Sarah shook her head. “No. Even here on Earth, there are cultures that don't name kids until they've lived forty days, and I've even heard it argued that babies aren't people until they turn three or
so—until they begin to form long-term, permanent memories. And even then, there's still room for moral debate. We know the Dracons reproduce sexually, shuffling their genes while doing so; that was clear from their message. And I rather suspect, by the way, that that sort of reproduction will be common throughout the universe: it provides a huge kick to evolution, getting a new genetic hand dealt with every generation instead of having to wait around for a cosmic ray to induce a random mutation in a being that otherwise just reproduces exact copies of itself. Remember, life first appeared on this planet four billion years ago, and it spent the first three and half billion of those years basically the same. But when sex was invented half a billion years ago, in the Cambrian explosion—boom!—suddenly evolution was proceeding by leaps and bounds. And any race that reproduces sexually might very well still argue about the ethics of destroying a unique combination of genetic material even if they've always held that such a thing wasn't alive until the moment of birth."

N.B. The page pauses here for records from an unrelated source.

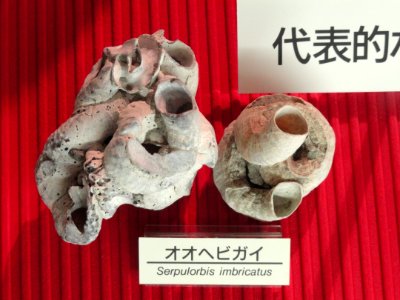 Serpulorbis imbricatus - Osaka Museum of Natural History - DSC07800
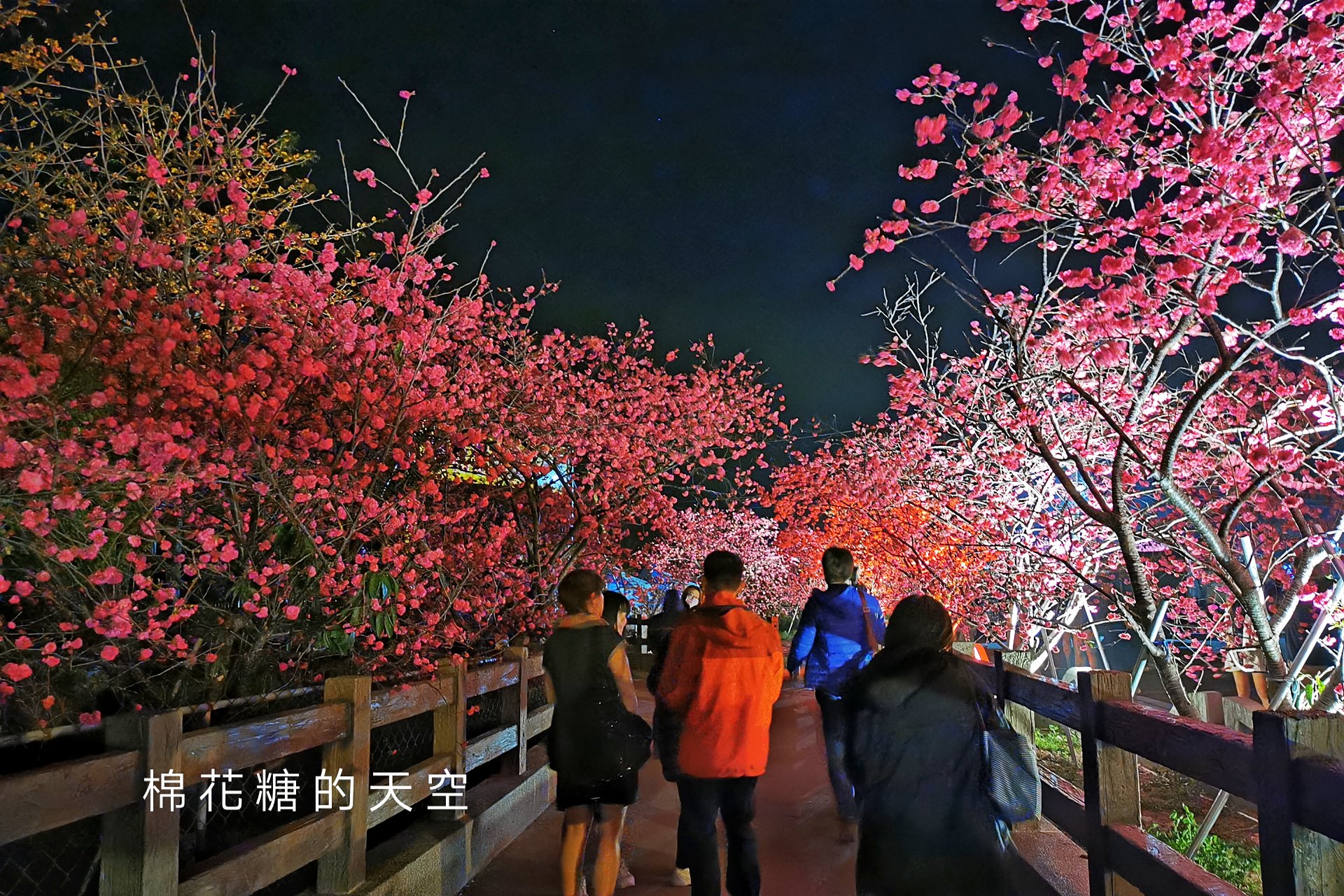 台中櫻花這裡不能錯過！泰安派出所夜櫻更美更浪漫～滿開中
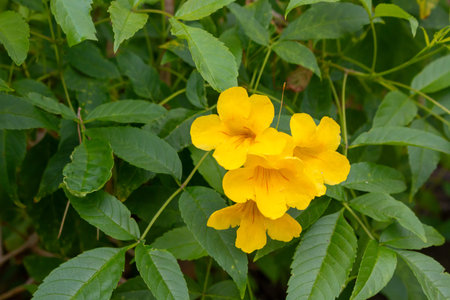 Bright yellow blossoms of Tocoma in the botanical garden. Fresh flowers and leaves in the spring....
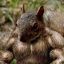 MUSCLE SQUIRREL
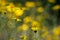 Bright yellow flowers of common madia or tarweed Madia elegans, a wildflower,  in spring, with copyspace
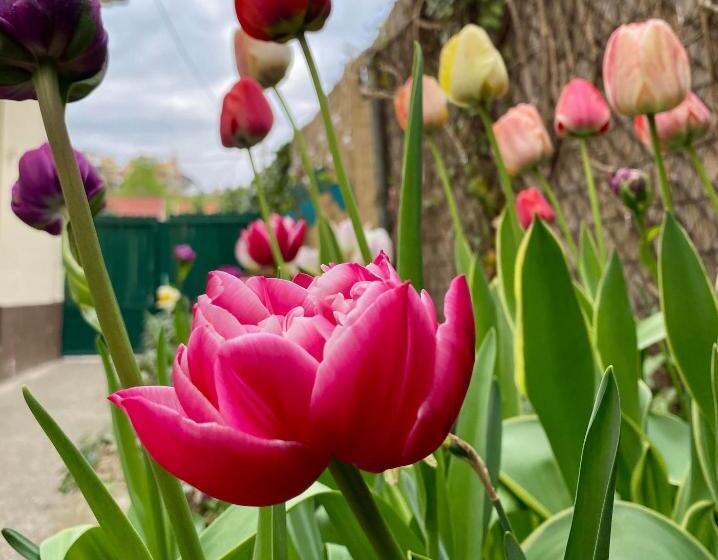 بنسيون Gyöngyszem Vendégház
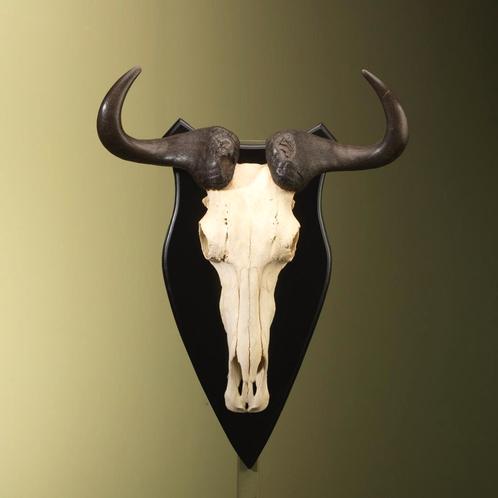 Blauwe Gnoe Schedel Taxidermie Opgezette Dieren By Max, Verzamelen, Dierenverzamelingen, Opgezet dier, Nieuw, Wild dier, Ophalen of Verzenden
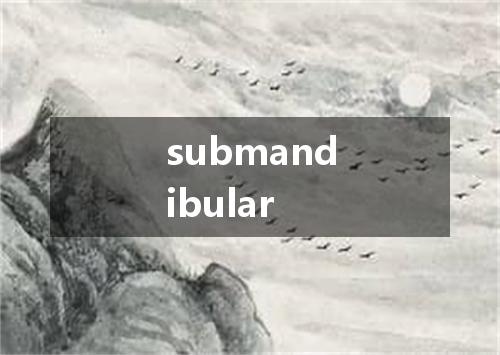 submandibular是什么意思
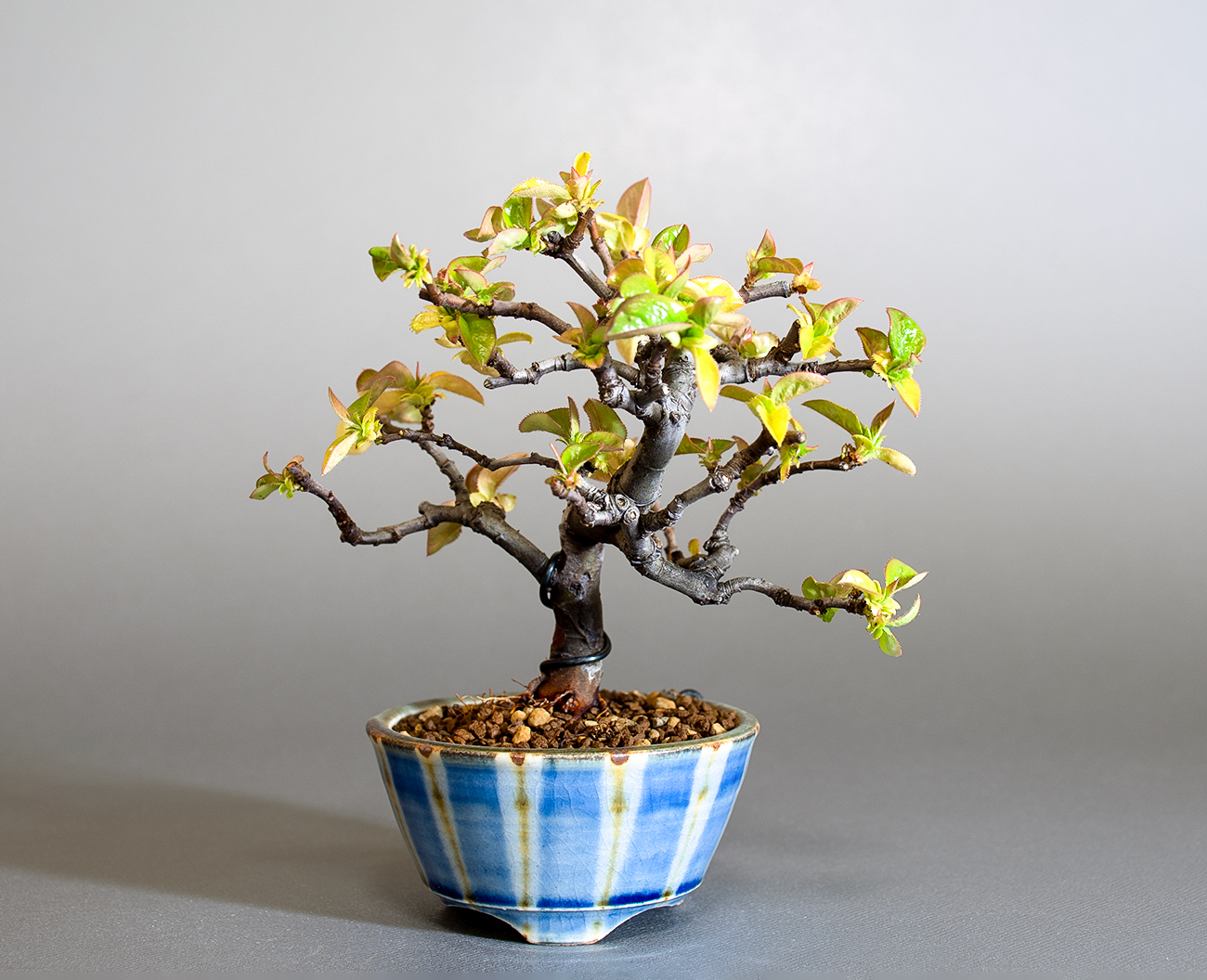 カリン-Q2（かりん・花梨）実もの盆栽の販売と育て方・作り方・Chaenomeles sinensis bonsai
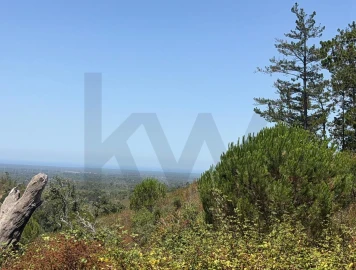 Quinta T2 para Venda em Santiago do Cacém, Santa Cruz e São Bartolomeu da Serra
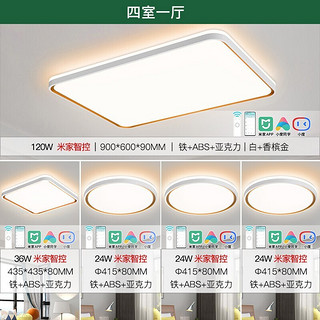 led吸顶灯 全屋智能四室一厅（限15分钟）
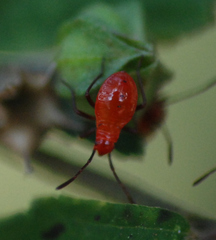 Dysdercus cingulatus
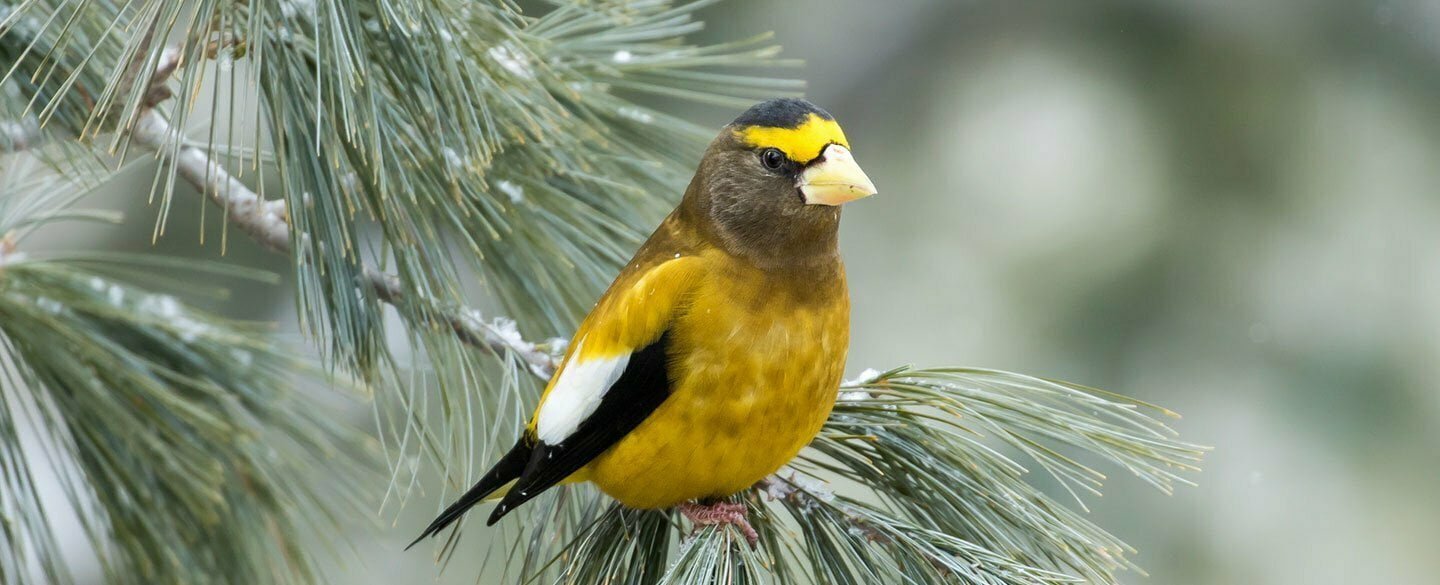 Grosbeak Symbolism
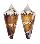 CONIDAE CONUS GENERALIS REGENFUSSI shell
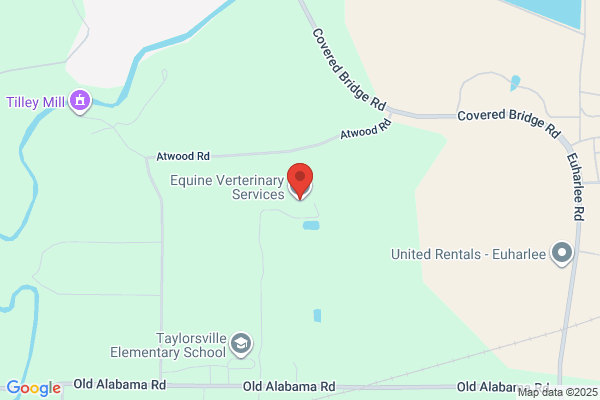 Equine Veterinary Service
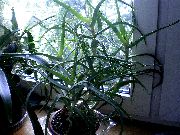    ,  ,   - Aloe arborescens 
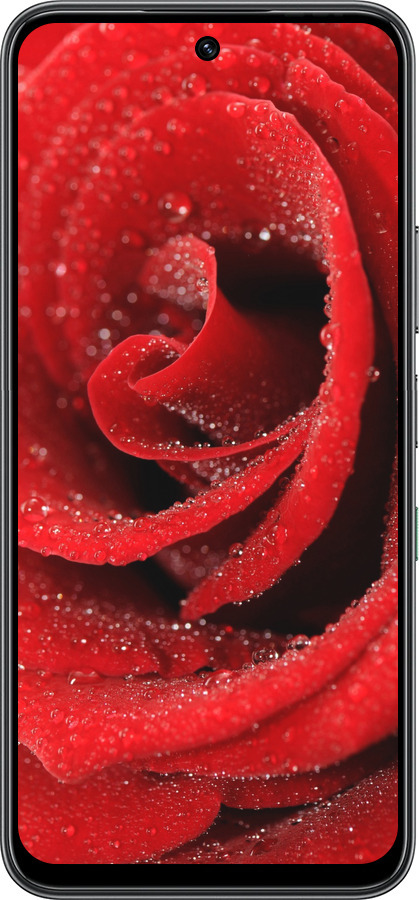 Силиконовый чехол Красная роза для Infinix Hot 60 5G / Hot 60i 4G - 529u-4114 изображение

Don frowned. “That's like saying it's a moral quandary to worry about destroying snowflakes. Just because something is unique doesn't make it valuable—especially when everything in that class of entities is unique."
A chipmunk scampered across the road in front of them. “Besides,” continued Don, “speaking of evolution, doesn't the abortion issue ultimately take care of itself, given enough time? I mean, natural selection obviously would favor those people who actually put into practice being pro-life over those who actually choose to personally have abortions, because every fetus you abort is one less set of your genes around. You wait enough generations, and being pro-choice should be bred out of the population."
"Good grief!” Sarah said, shaking her head. “What a revolting thought! But, even so, that's only true if the desire for reproductive choice is merely one of passing convenience, and has nothing to do with whether the kid will make it to reproductive age without too many resources being invested. I mean, look at Barb and Barry—they've essentially devoted their whole lives to raising Freddie.” Barb was Sarah's cousin; her son was severely autistic. “I love Freddie, of course, but in effect, he's replaced potential siblings who would have required a fraction of the investment and would have been far more likely to provide Barb and Barry with grandchildren."